Eux-mêmes semblent avoir la notion de cette situation. À la fois arrogants et humbles ils paraissent attendre philosophiquement le coup de marée qui les portera à la ville ; à la fortune, aux honneurs. Ils ne sont point pressés et ne se trouvent pas malheureux.

Au centre de ce quartier plein de loques s’élève une synagogue dans le style oriental qui est une merveille ; on la montre avec complaisance à l’étranger ; on prend même parfois le goy curieux pour quelque frère arrivé qui veut se rendre compte de la position des frères en retard. J’ai donné là vingt kreutzers à une femme chaussée de bottes énormes qui voulait absolument m’embrasser la main. « Inutile, ma vieille, lui ai-je dit, je suis charmé de t’être agréable ; ton fils sera probablement mon maître et je serais très content de gagner un morceau de pain en collant des bandes dans son journal. »

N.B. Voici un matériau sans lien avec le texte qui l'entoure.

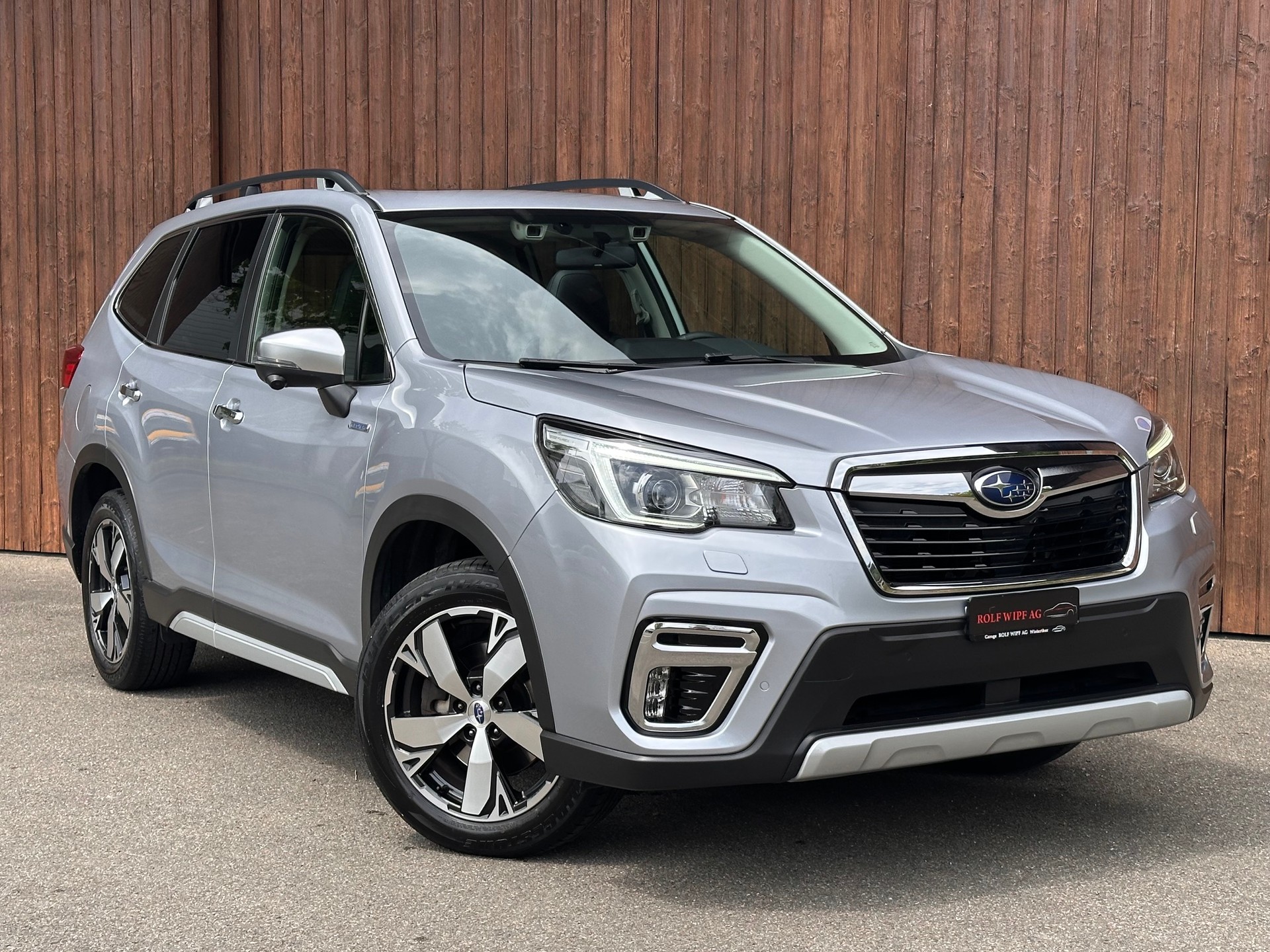 SUBARU Forester 2.0i e-Boxer Luxury Lineartronic 166PS-image-1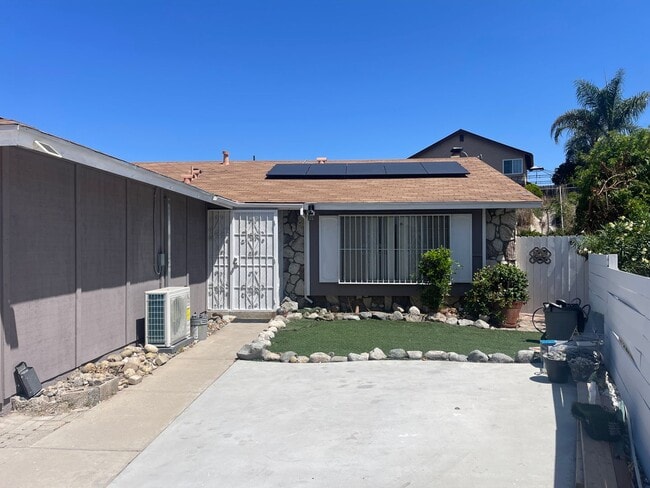 Building Photo - 2 rooms 1 bath house for rent in South San Diego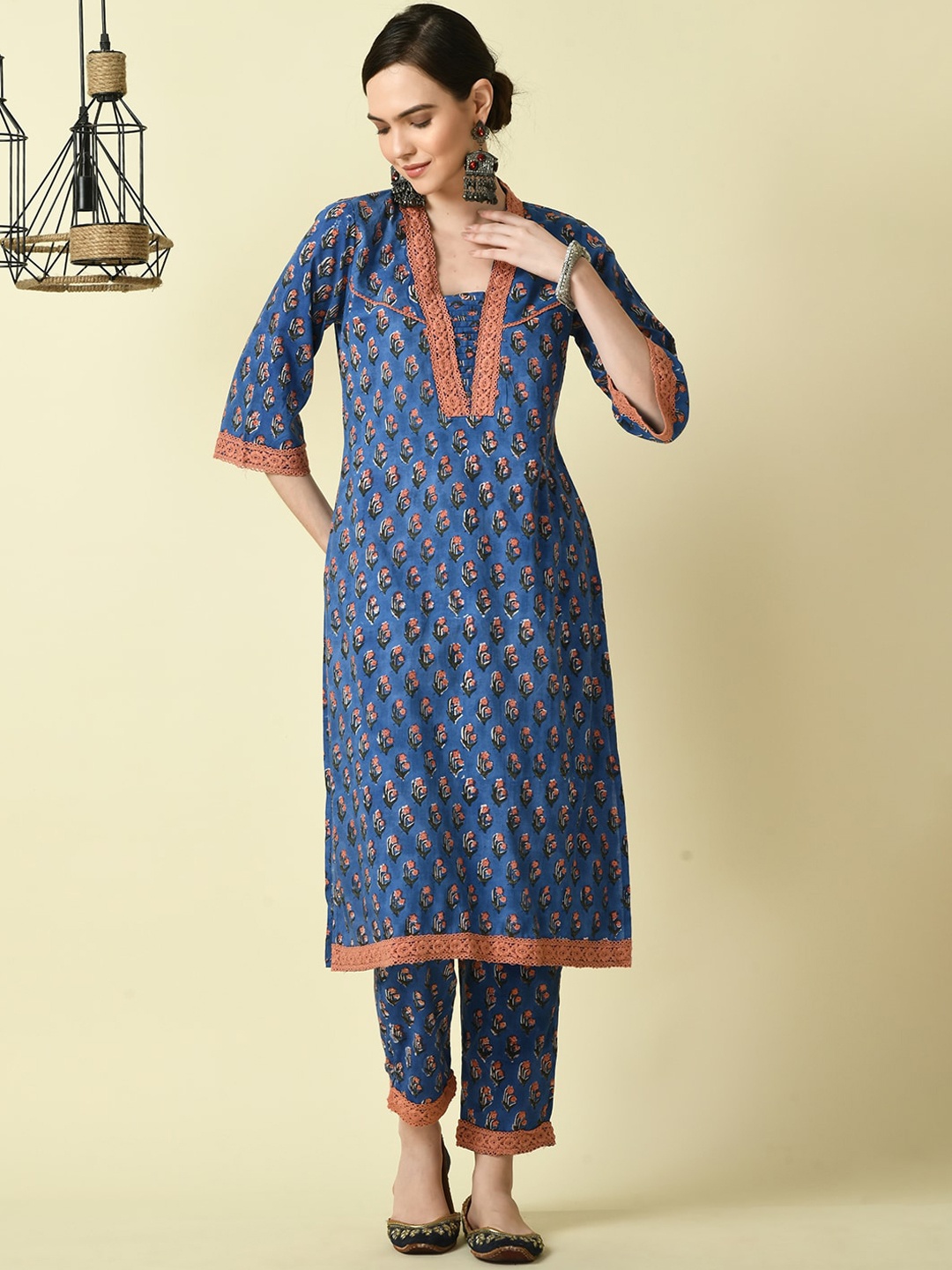 

Myshka Geometric Embroidered Flared Sleeves Print Cotton Anarkali Kurta, Blue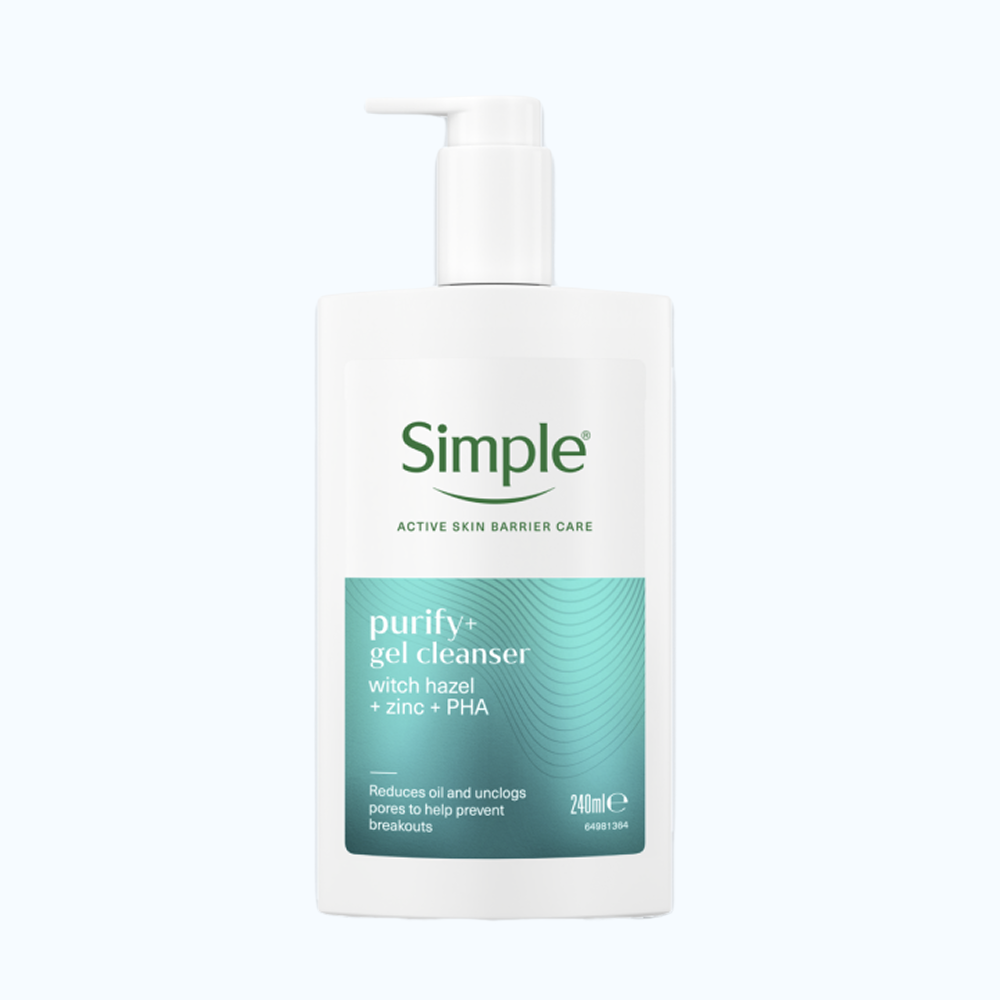 Sữa rửa mặt Simple giảm mụn sau 7 ngày.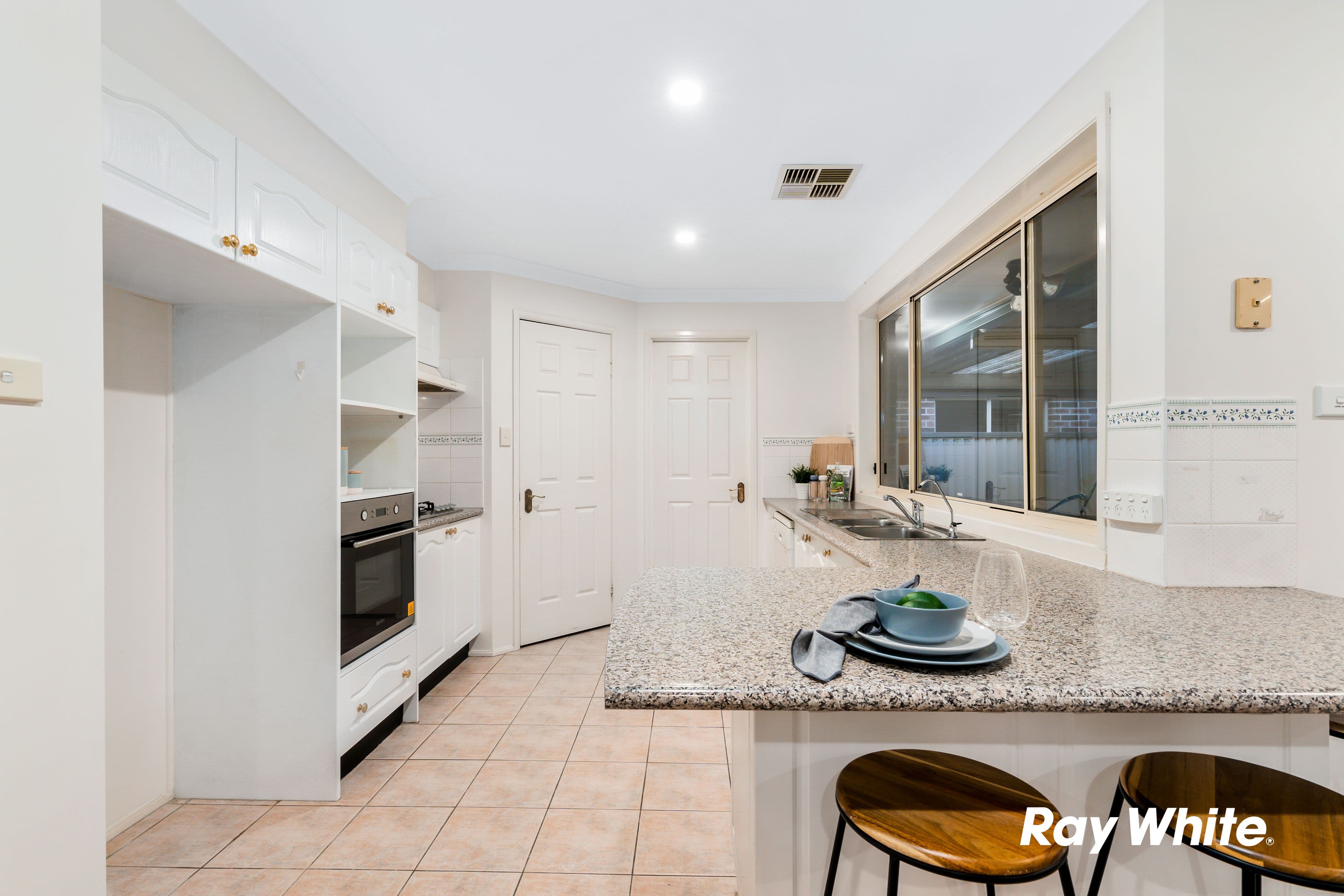 25 Blacksmith Close, Stanhope Gardens NSW 2768, Stanhope Gardens - Thumbnail 4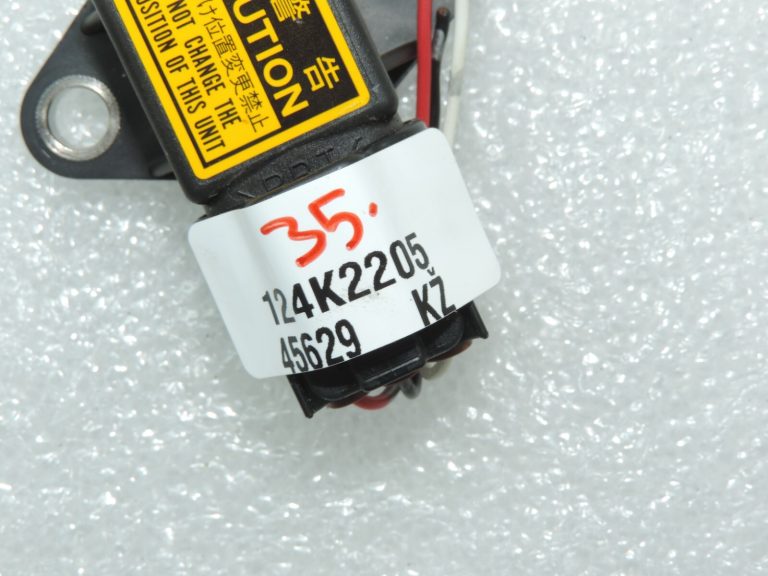 Oriģinālais Nissan Navara II D40 3.0 dCi 4×4 virsbūves slīpuma leņķa slīpuma sensors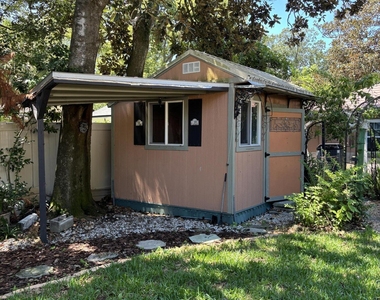 1343 Rensselaer Avenue - Photo Thumbnail 50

Un Christ, pliant sous le faix douloureux de la croix, dont l’expression vous arrache des larmes, indique l’endroit où finit ce ghetto libre où les Juifs restent volontairement. Prudents en ce pays, et pour cause, les Israélites n’ont encore que légèrement mutilé ce Christ devant lequel une lampe brûle toute la nuit ; ils se dédommageront quand ils seront ministres, sénateurs, députés, conseillers municipaux, préfets en France en jetant dans le tombereau à ordures les crucifix de nos églises après ceux de nos écoles.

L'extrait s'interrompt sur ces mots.